2,100-Year-Old Roman Tavern Unearthed, Empty Cups and All

The proposed ancient bar and grill in southern France could shed light on the spread of Roman culture

Tavern Fresco
A fresco uncovered in a tavern in Pompeii shows patrons playing a game. Similar scenes probably took place in a Roman tavern recently unearthed in Lattara, an ancient port city in southern France Mimmo Jodice/Corbis

The ancient Romans weren’t shy about their love of eating and drinking, and their beverage of choice was wine. They loved their vino so much they wrote poems about it, sang about it, gave speeches about it, painted frescoes to celebrate it and drank it in great quantities. So it’s no surprise that the taberna was a key location in Roman life.
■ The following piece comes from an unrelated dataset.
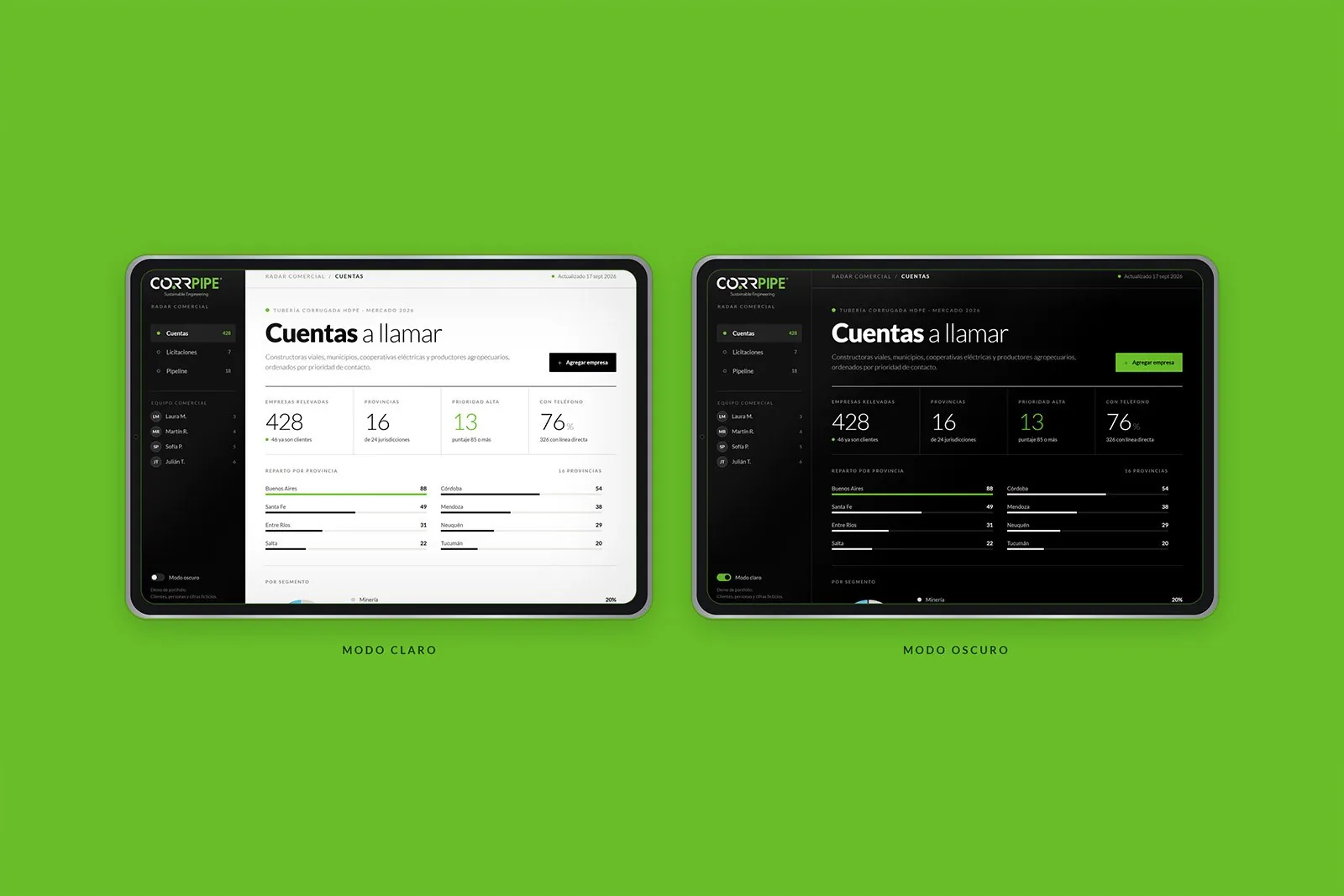 CRM — Desarrollo de sistemas a medida, imagen 4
A new discovery in southern France, thought to be a roughly 2,100-year-old Roman tavern, shows that it was also a way the Romans spread their culture and ideas after colonizing other nations.
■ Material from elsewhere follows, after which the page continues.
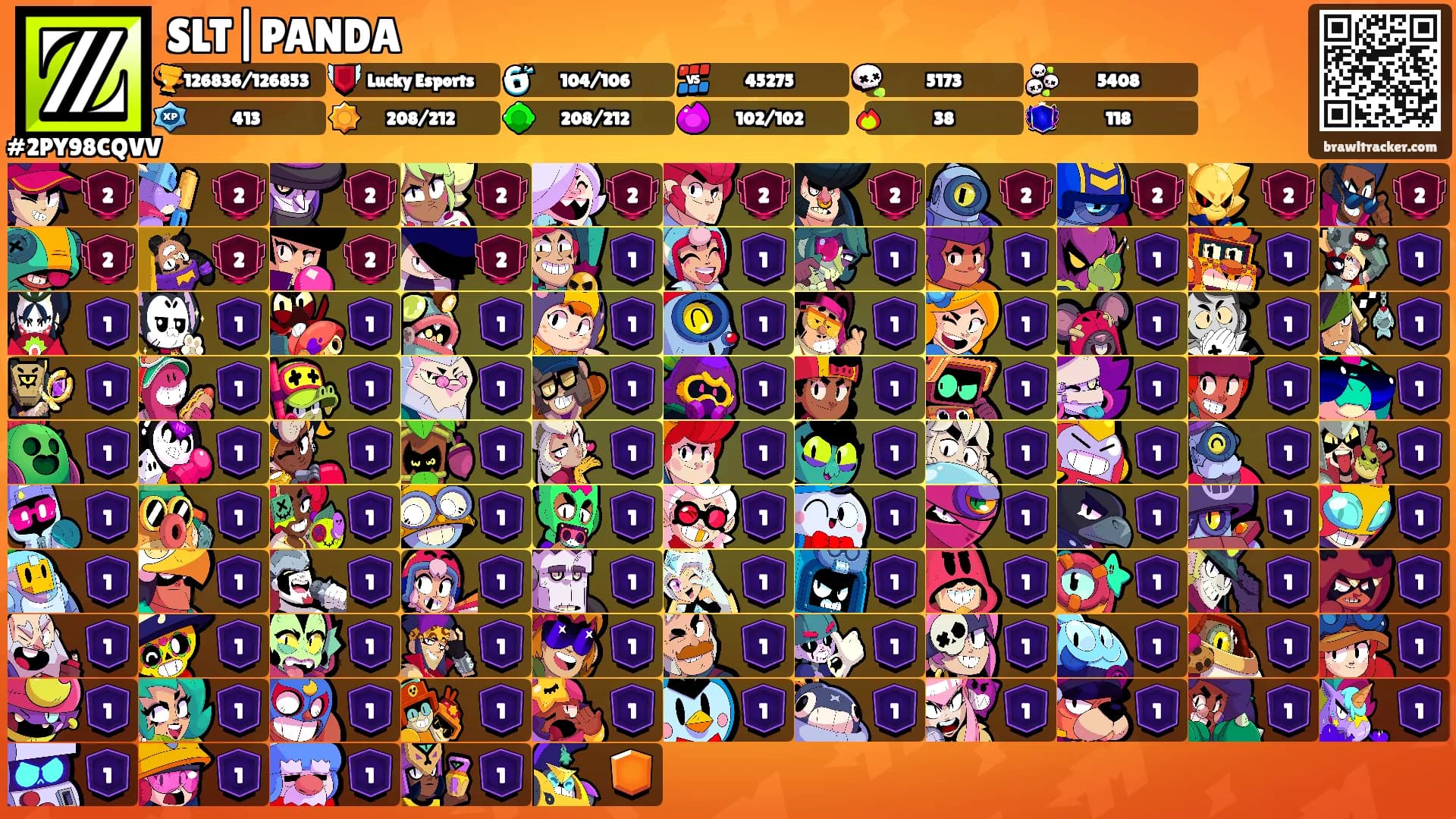 SLT|PANDA's Ranks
Described in the journal Antiquity, the structure was unearthed in the ancient port of Lattara, an archeological site near the modern city of Montpellier. At first, reports Laura Geggel at LiveScience, researchers thought the building was a bakery because of the presence of three ovens and a millstone in one of the site's two large rooms.

But further excavation in the second space revealed fish vertebrae and scales, animal bones, large serving platters and bowls as well as lots and lots of drinking vessels for wine. The room also has remnants of benches along three walls and a charcoal burning hearth in the floor, the perfect spot for patrons to recline and enjoy a meal and a few adult libations, Roman style.

The tavern is an intriguing find, but it has a larger significance. Researcher Benjamin Luley of Gettysburg College, one of the tavern’s discoverers, tells Traci Watson at USA Today that the area’s residents were Celtic farmers before the Romans arrived. After the Romans showed up, the port urbanized, jobs diversified and large workshops popped up driving demand for eating and drinking establishments.

Roman Tavern
A section of the tavern that is thought to be the kitchen. The three circles in the bottom of the image were likely bread ovens. Copyright 2016 Antiquity Publications Ltd.; Lattes Excavations

It also signaled the transition from barter to a monetary economy in the area. “If you’re not growing your own food, where are you going to eat?” says Luley. “The Romans, in a very practical Roman way, had a very practical solution … a tavern.”

Not everyone is convinced that the site is necessarily an ancient watering hole. Roman historian Penny Goodman of the University of Leeds told Watson a lack of coins found in the site might indicate the structure was a private dining room.

Still, it’s gratifying to know that ancient Europeans spent their Friday nights—or dies Veneris­­—as many modern people do, eating and drinking with friends. But maybe with fewer fish bones on the floor.